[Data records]
####

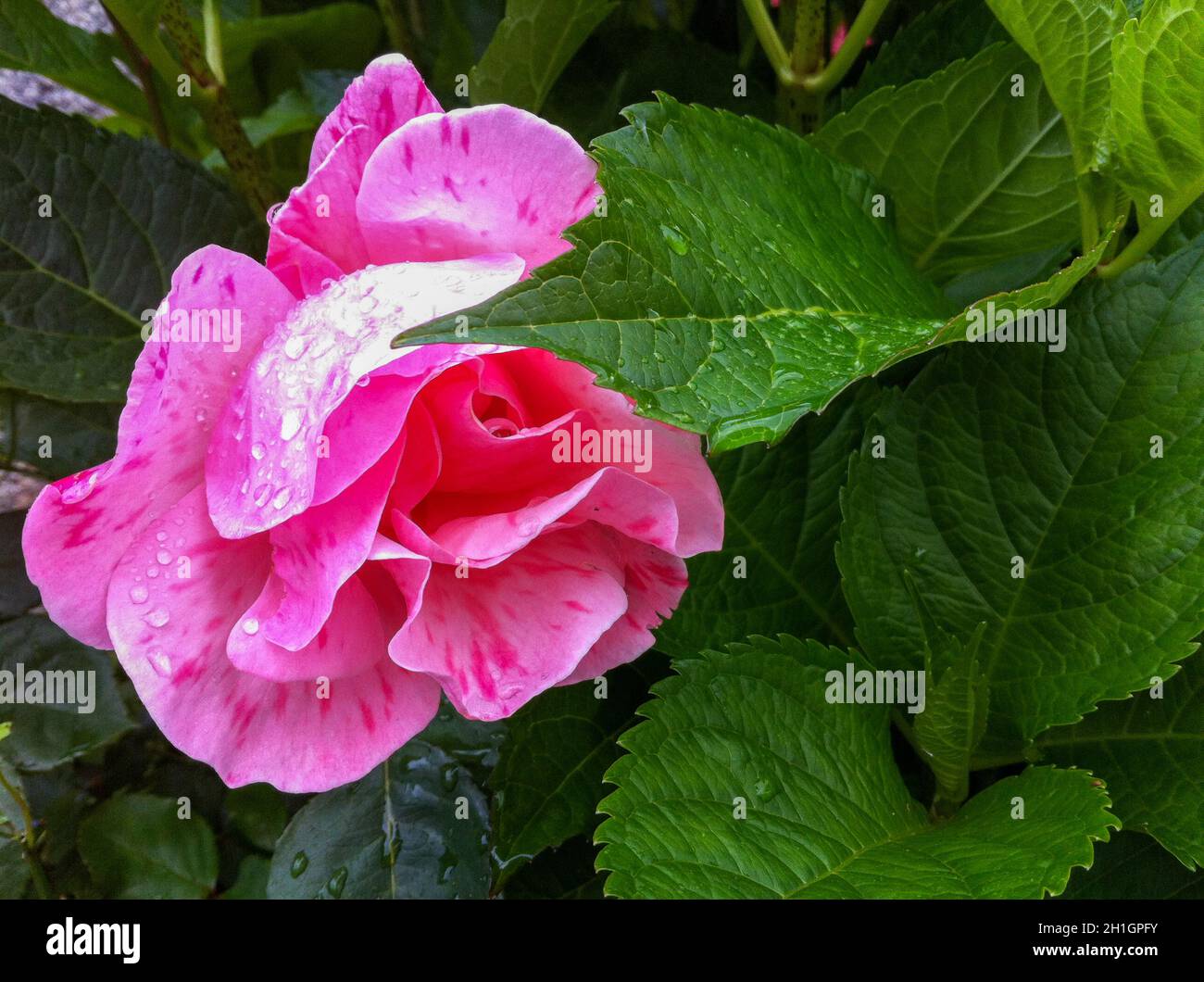 Colorful flower of a garden plant Stock Photo - Alamy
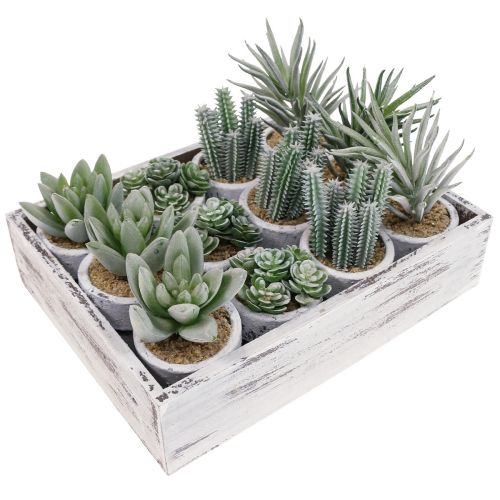 Floristik24 Succulentes artificielles en pot plantes artificielles vertes Ø4cm 12pcs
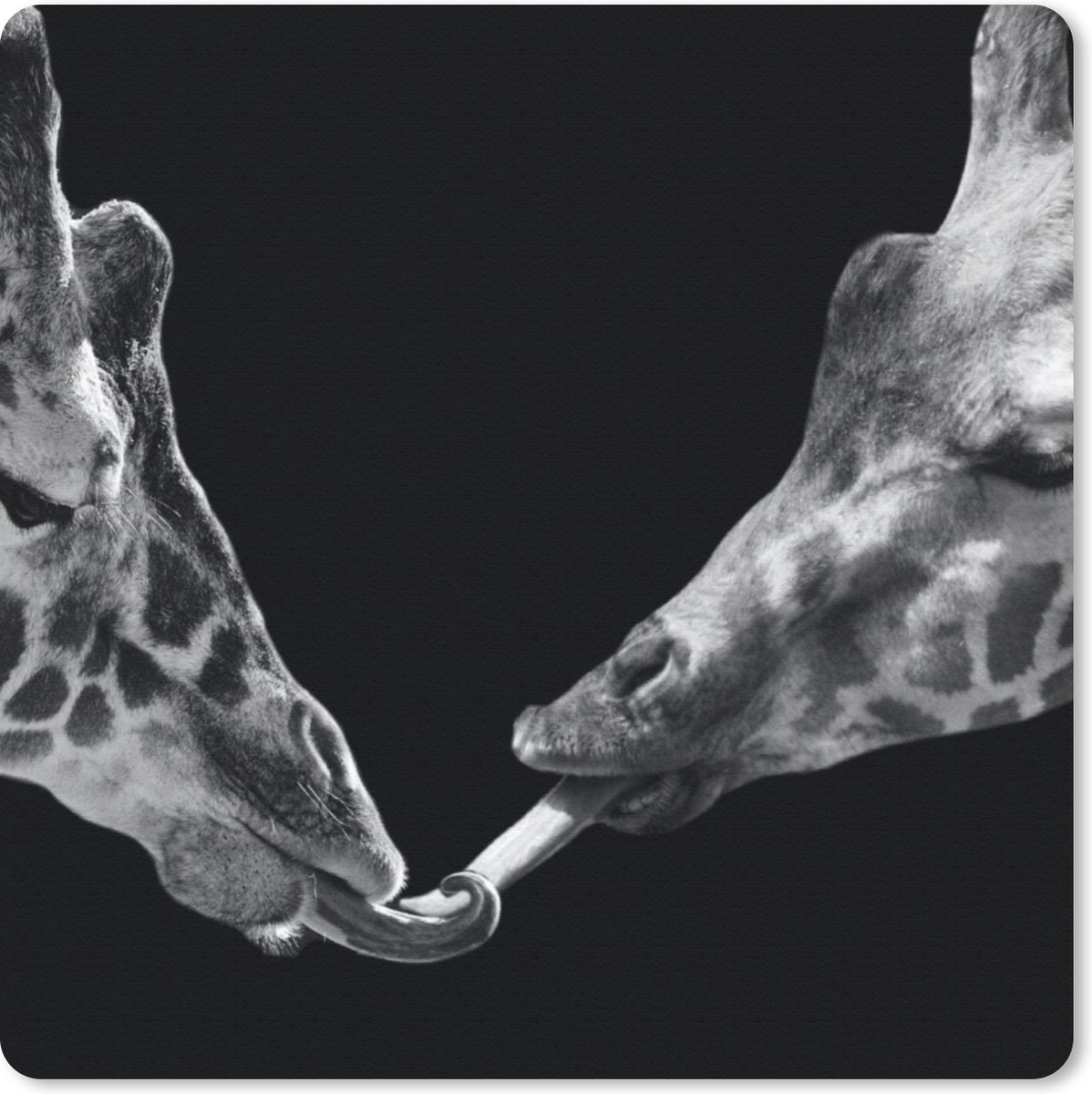 Muismat 20x20 cm - Mousepad Dieren - Zwart - giraffe - Wit - Portret - Muismatten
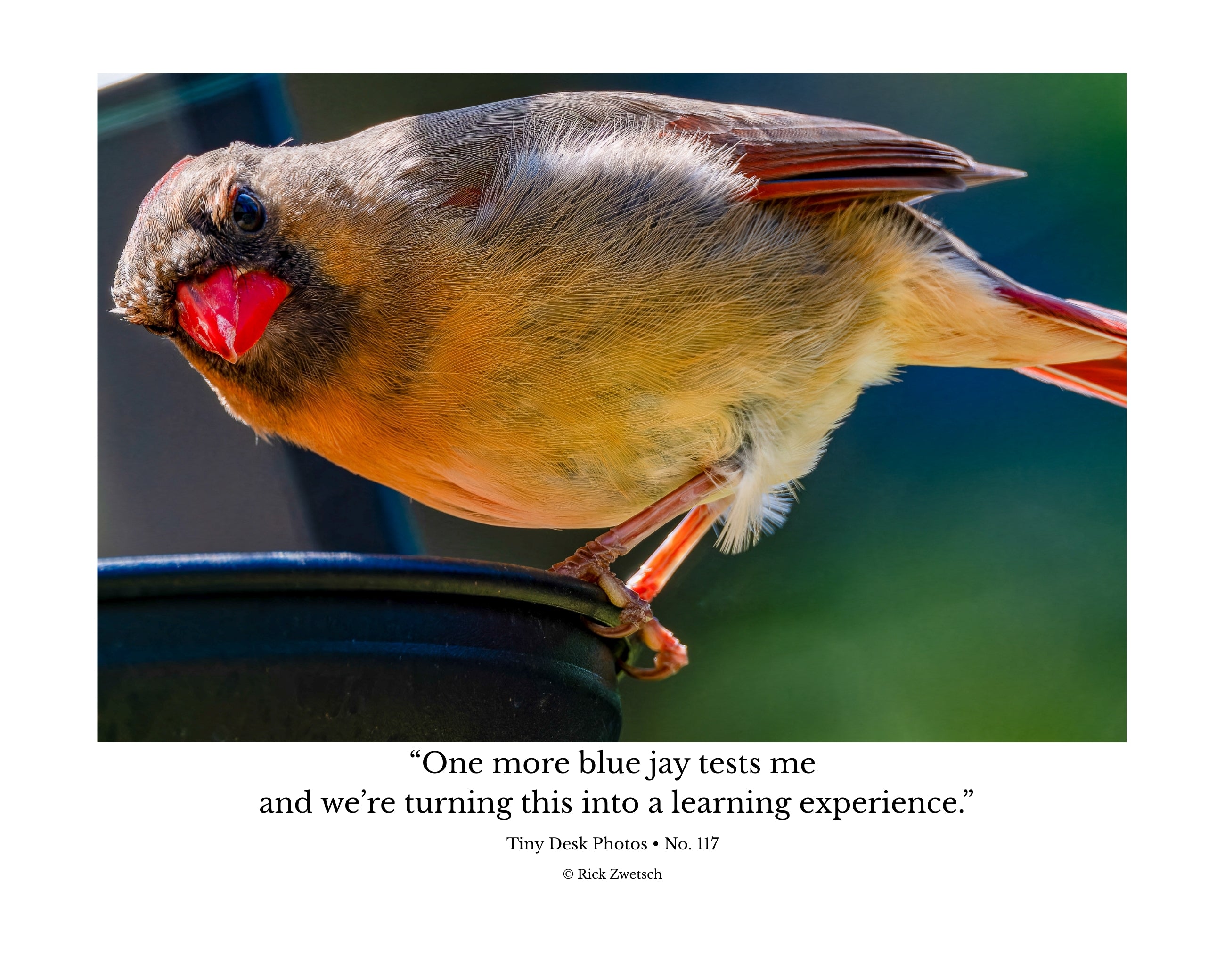 Northern Cardinal Wildlife Photography Print | Tiny Desk Photos No. 117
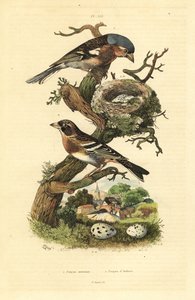 Közönséges pelyva, Fringilla coelebs, fészek és tojások, valamint söröcske, Fringilla montifringilla tojással Pinson commun et pinson d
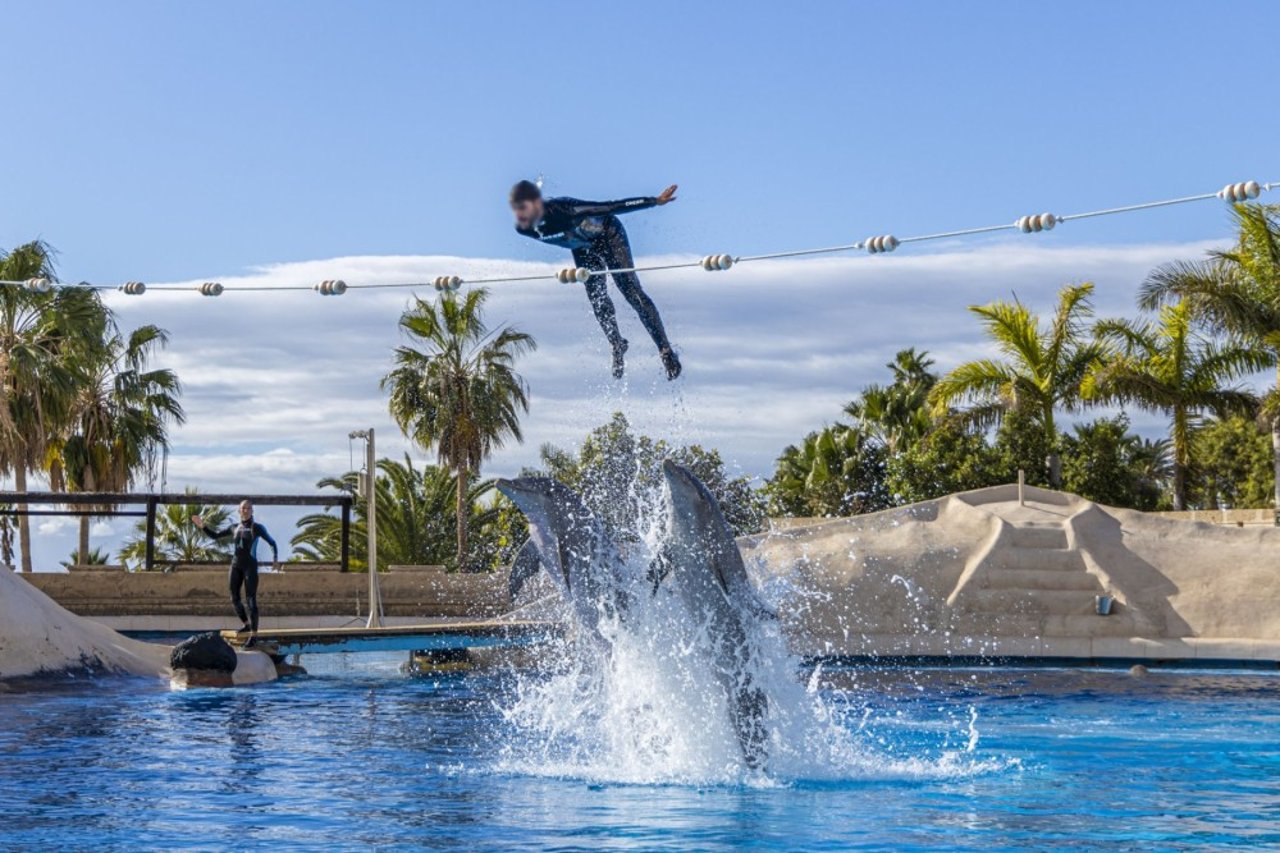 Delfiner optræder i shows i Aqualand på Tenerife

####

### EXERCISE REQUIREMENTS
Repeat exactly the line containing "Muismat 20x20 cm" and every line after it through the end of the records, and nothing else. Leave the pictures out.

### RESPONSE BELOW
 Muismat 20x20 cm - Mousepad Dieren - Zwart - giraffe - Wit - Portret - Muismatten
 Northern Cardinal Wildlife Photography Print | Tiny Desk Photos No. 117
 Közönséges pelyva, Fringilla coelebs, fészek és tojások, valamint söröcske, Fringilla montifringilla tojással Pinson commun et pinson d
 Delfiner optræder i shows i Aqualand på Tenerife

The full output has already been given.